Hearing the brush of his boots against the foliage, she looked up sharply. For a moment, Alex surprised her in an expression of open confusion; her face looked softer, younger than it had for days. She swallowed convulsively and hastily pushed herself up off her perch, pulling her skirts together to brush past him.
She couldn’t even muster a hello? One hello after all they had shared?
“Wait.” The word was torn out of his chest, less a request and more a command. Softening his voice, he said, no less urgently, “Damn it, Penelope. Why won’t you talk to me?”
“We’re talking now, aren’t we?” she said, as though it were a matter of supreme indifference to her, and made to brush past him.
Alex blocked her, feeling like a cad, but too desperate to care. “That’s not what I meant.”
“Fine,” she said flatly. She turned to pluck at a leaf on the rosebush, shiny and sharp-edged. “Talk.”
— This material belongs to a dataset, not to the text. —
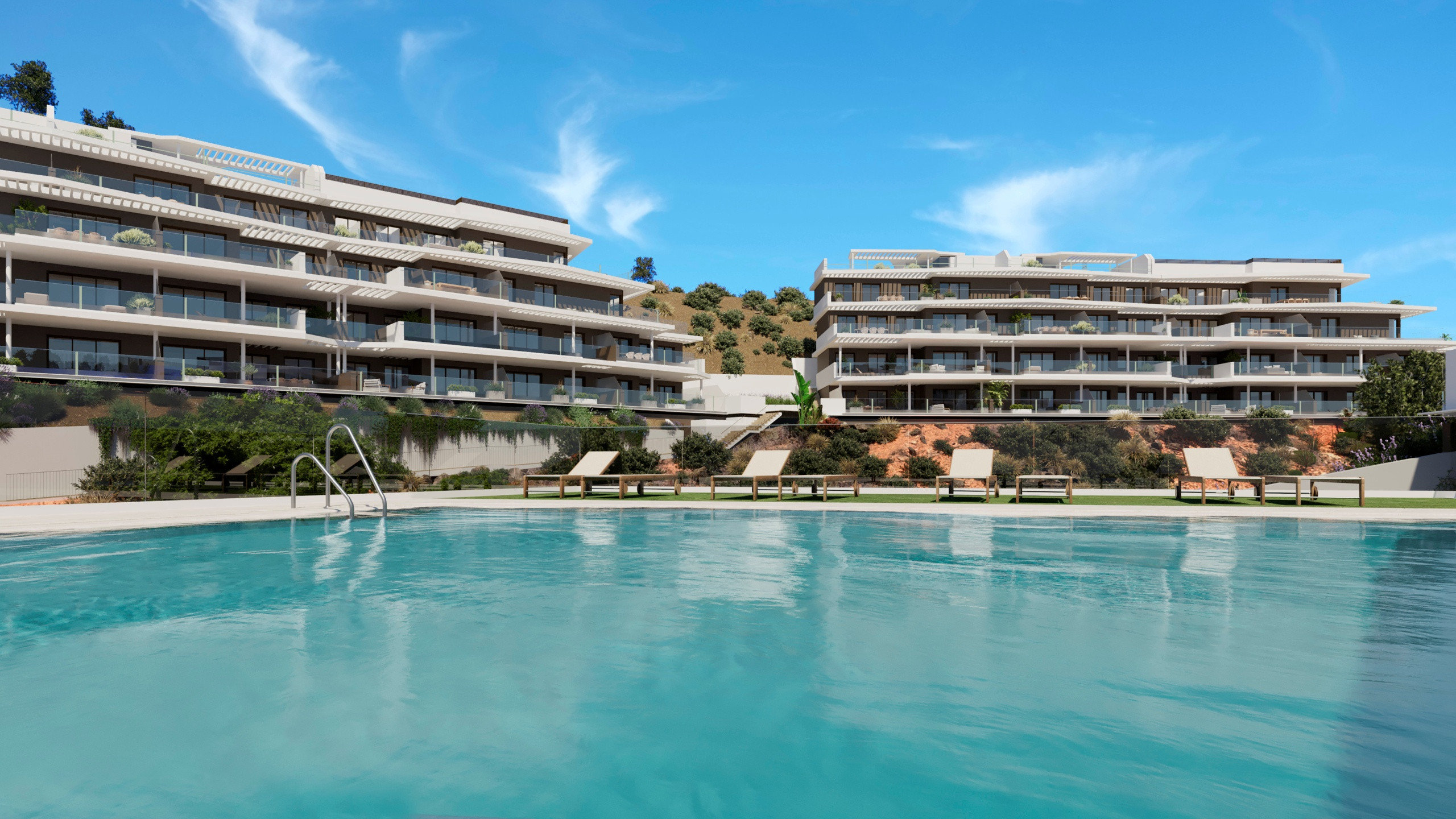 New development in Rincón de la Victoria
Having received his mandate to talk, Alex found that both his tongue and his brain had ceased normal function. He had held so many conversations with her in his head over the last few days that it was hard to know where to start — or what had actually been said and what hadn’t.
But since he couldn’t leave her standing there waiting indefinitely, “I worry about you,” he said lamely.
Wrong approach.
“You shouldn’t.” A thorn pricked her finger, leaving a crimson blot of blood in its wake. Penelope regarded the tiny dot of blood dispassionately. Rubbing her hand against the skirt of the habit, she shrugged. “I’m no concern of yours.”
That was precisely the opposite of what he had wanted to hear.
“Yes, you are,” said Alex urgently, wishing he had the guts to deploy something more than words. “I — ”
But he couldn’t say it. It was an impossible time to tell a woman he loved her, all but over the corpse of her husband.
“Captain Reid, Captain Reid,” said Penelope, in that tone of polite mockery he was beginning to learn to hate. It was the same one she used with Fiske and Pinchingdale, as delicately deadly as a stiletto. She wouldn’t even bloody use his first name. “There’s no need, you know. Just because we — ”
Alex flung up a hand in an instinctive gesture of negation. Whatever she was about to say, he didn’t want to hear it. He didn’t want what they had had together reduced to the most base of carnal terms. It had been more than that. Hadn’t it? His lungs ached as though he had been running a mile.
Penelope’s eyebrows lifted, but she respected the unspoken barrier. With a shrug — a shrug as dreadful as the words she had been prevented from uttering — she said, “I hold you under no obligation to me.”